Professor receives NSF CAREER Award for key research on massive data storage and processing

Mar 1, 2012

By UCLA Samueli Newsroom

Lara Dolecek, a UCLA assistant professor of electrical engineering, has received a Faculty Early Career Development (CAREER) award from the National Science Foundation.

The NSF CAREER award is the organization’s most prestigious award in support of junior faculty who exemplify the role of teacher-scholars through outstanding research, excellent education and the integration of education and research within the context of the mission of their organizations.
The award funds Dolecek’s research on improving the storage and processing of massive amounts of data by fundamentally rethinking the underlying data reliability metrics. This paradigm shift will be made possible through the creation of new channel coding methodologies that embrace, rather than ignore, the physical properties of the emerging data systems. This new class of channel coding schemes could bring dramatic improvements in performance and capabilities of forthcoming storage systems, and could substantially reduce the galloping cost of data storage.
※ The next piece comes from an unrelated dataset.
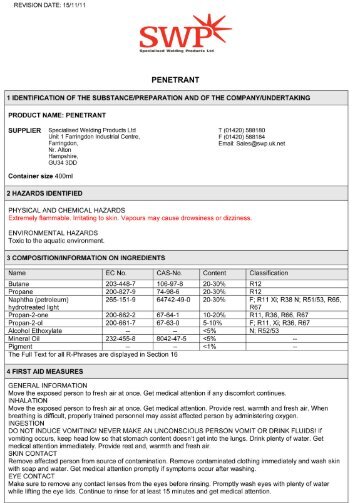 Crack Detector Penetrant Safety Data Sheet.pdf - SWP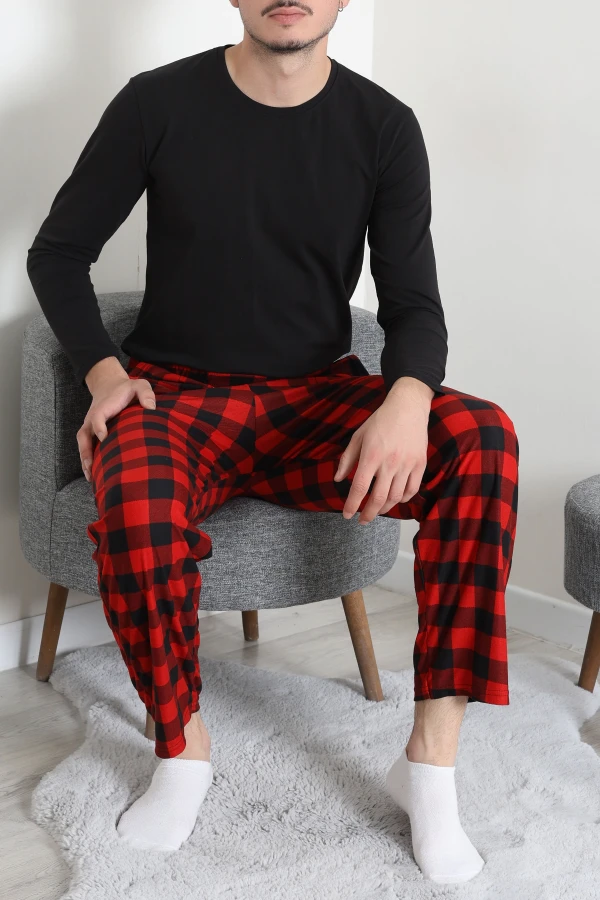 Süet Cepli Erkek Pijama Alt Kırmızı 3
Dolecek is the director of the Laboratory for Robust Information Systems. Her research interests span information and coding theory, graphical models, combinatorics, statistical algorithms and computational methods with applications to high-performance complex systems for data processing, communication, and storage. Dolecek is a 2011 Hellman Fellow and a principal investigator on several research projects funded by government and leading data storage companies. She is also is a faculty co-founder of the Los Angeles Computing Circle (LACC), a K-12 outreach program designed to engage and mentor younger students for careers in computing and engineering.

Dolecek is the third electrical engineering faculty member and fourth overall at UCLA Engineering to receive an NSF CAREER Award in the 2011-12 academic year. The others are: Benjamin Williams and Danijela Cabric, both assistant  professors of electrical engineering; and Alexander Sherstov, assistant professor of computer science.